En octobre 2020, Amnesty International Espagne a écrit au gouvernement espagnol afin de lui demander de rendre publiques certaines informations relatives à l’ensemble de ses contrats avec des entreprises de surveillance numérique, éléments qu’il n’a pas divulgués. Amnesty International Espagne a ensuite contacté le ministère espagnol de la Défense, afin de demander au Centre national du renseignement des informations sur l’utilisation de Pegasus. Il a répondu en affirmant que ces informations étaient confidentielles. L’entreprise NSO déclare qu’elle ne vend qu’aux gouvernements et que ses outils sont censés être utilisés pour combattre le crime organisé et le terrorisme.
« Le gouvernement espagnol doit nous dire s’il est un client de NSO Group ou non. Il doit aussi mener une enquête approfondie et indépendante sur l’utilisation du logiciel espion Pegasus contre les Catalan·e·s identifiés dans ces recherches », a déclaré Likhita Banerji, spécialiste des questions à l’intersection des technologies et des droits humains à Amnesty International.
Le Security Lab d’Amnesty International a effectué un examen collégial d’informations en relation avec un échantillon de personnes identifiées dans le cadre de l’enquête du Citizen Lab, et a relevé des éléments attestant que Pegasus avait été utilisé pour prendre ces personnes pour cibles et infecter leurs appareils dans l’ensemble de ces cas.

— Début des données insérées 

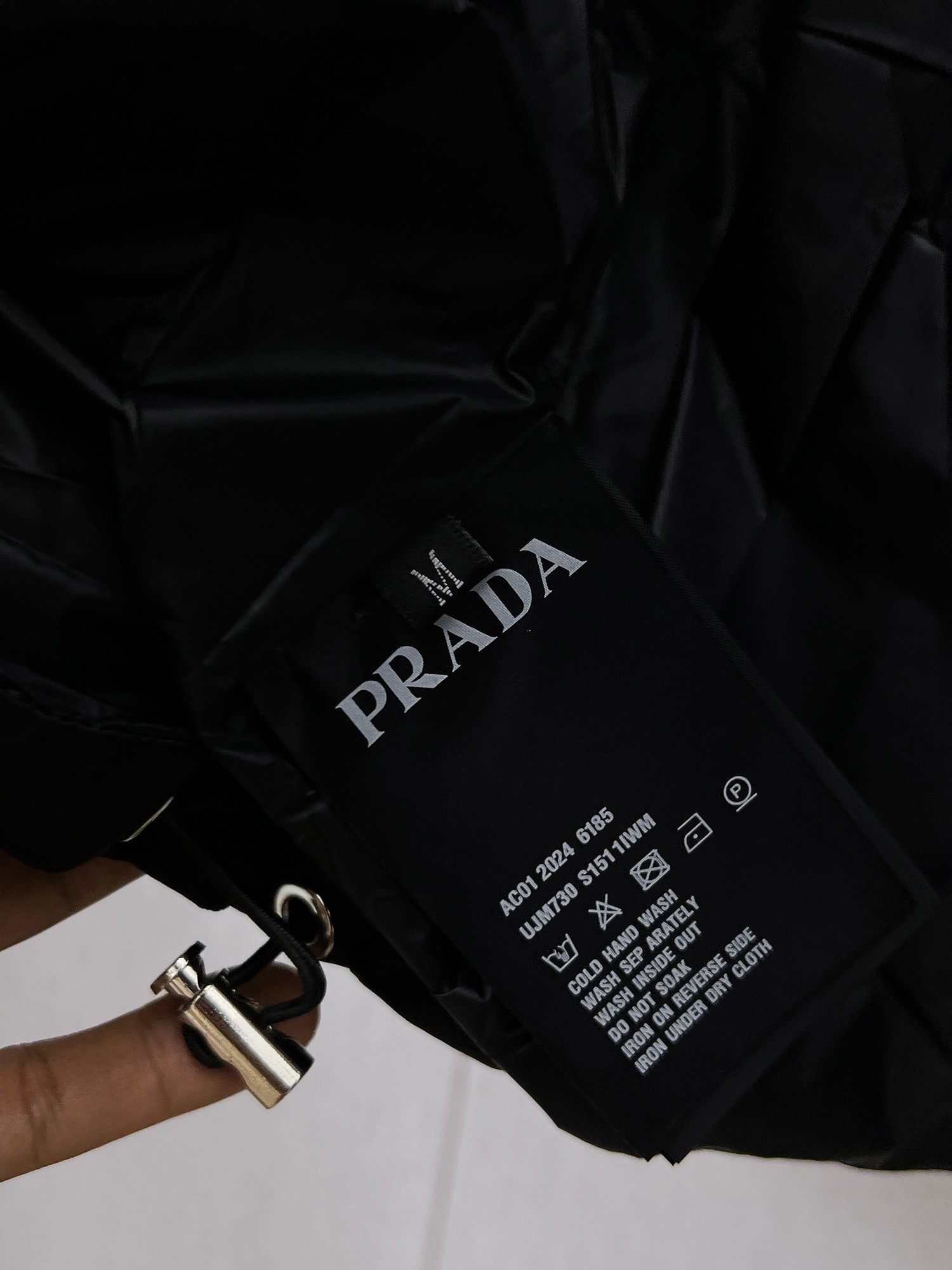 Prada Couple Down Jacket Goose Down M-l-xl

Première réunion de la commission d’enquête du Parlement européen
Ces révélations surviennent alors que la première réunion de la commission d’enquête du Parlement européen doit se tenir mardi 19 avril et portera sur les atteintes au droit de l’Union dans le cadre de l’utilisation de Pegasus et d’autres logiciels espions équivalents – ce qui découle directement des révélations faites par le projet Pegasus en juillet 2021. La semaine dernière, Reuters a signalé que des hauts responsables de l’UE avaient été pris pour cible par Pegasus.

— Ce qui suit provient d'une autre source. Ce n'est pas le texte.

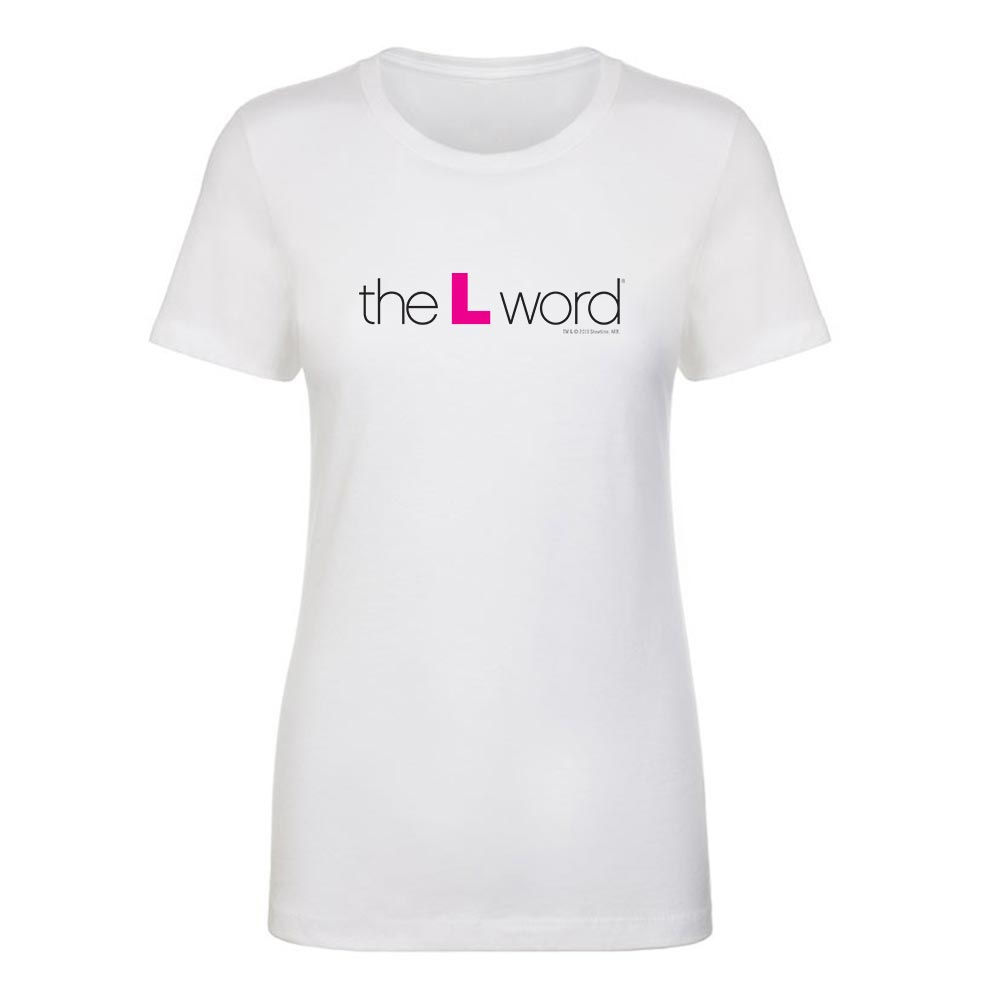 The L Word Logo Women's Short Sleeve T-Shirt The L Word Logo Women's Short Sleeve T-Shirt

« Nous demandons à la commission d’enquête du Parlement européen de ne négliger aucun détail lorsqu’il s’agira d’examiner les violations des droits humains permises par des logiciels espions illégaux, notamment en enquêtant sur ces nouvelles révélations », a déclaré Likhita Banerji.
« Les gouvernements du monde n’en ont pas fait suffisamment pour enquêter sur les violations des droits humains causées par des logiciels espions invasifs tels que Pegasus ou y mettre fin. L’utilisation, la vente et le transfert de ces technologies de surveillance doivent être temporairement suspendus afin de prévenir le risque de nouvelles atteintes aux droits humains. »
Amnesty International et d’autres organisations de la société civile ont précédemment fait état du recours généralisé et illégal à des logiciels espions contre des militant·e·s, des figures politiques et des journalistes du monde entier, notamment dans le cadre du projet Pegasus.
En Europe, des militant·e·s, des journalistes et d’autres membres de la société civile ont été illégalement pris pour cible en Belgique, en France, en Grèce, en Hongrie, en Pologne, en Espagne et au Royaume-Uni.
L’entreprise NSO Group n’a pas fait le nécessaire pour mettre un terme à l’utilisation de ses outils aux fins de surveillance ciblée illégale de militant·e·s et de journalistes, alors qu’elle avait connaissance ou aurait sans doute dû avoir connaissance de cette utilisation abusive. NSO Group doit immédiatement fermer les systèmes de ses clients dès lors qu’il existe des preuves crédibles d’utilisation abusive.